Am Fam Physician. 2000 Feb 15;61(4):1037-1042.
See related patient information handout on Meckel's diverticulum, written by the authors of this article.
Although Meckel's diverticulum is the most prevalent congenital abnormality of the gastrointestinal tract, it is often difficult to diagnose. It may remain completely asymptomatic, or it may mimic such disorders as Crohn's disease, appendicitis and peptic ulcer disease. Ectopic tissue, found in approximately 50 percent of cases, consists of gastric tissue in 60 to 85 percent of cases and pancreatic tissue in 5 to 16 percent. The diagnosis of Meckel's diverticulum should be considered in patients with unexplained abdominal pain, nausea and vomiting, or intestinal bleeding. Major complications include bleeding, obstruction, intussusception, diverticulitis and perforation.
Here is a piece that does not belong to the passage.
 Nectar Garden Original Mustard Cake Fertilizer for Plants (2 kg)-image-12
The most useful method of diagnosis is with a technetium-99m pertechnetate scan, which is dependent on uptake of the isotope in heterotopic tissue. Management is by surgical resection.
Meckel's diverticulum is a true intestinal diverticulum that results from the failure of the vitelline duct to obliterate during the fifth week of fetal development.1,2 It contains all normal layers of the intestinal wall and, in approximately 50 percent of cases, contains tissue from other sites (ectopic tissue).2 This ectopic, or heterotopic, tissue can often be the cause of complications occurring in Meckel's diverticulum.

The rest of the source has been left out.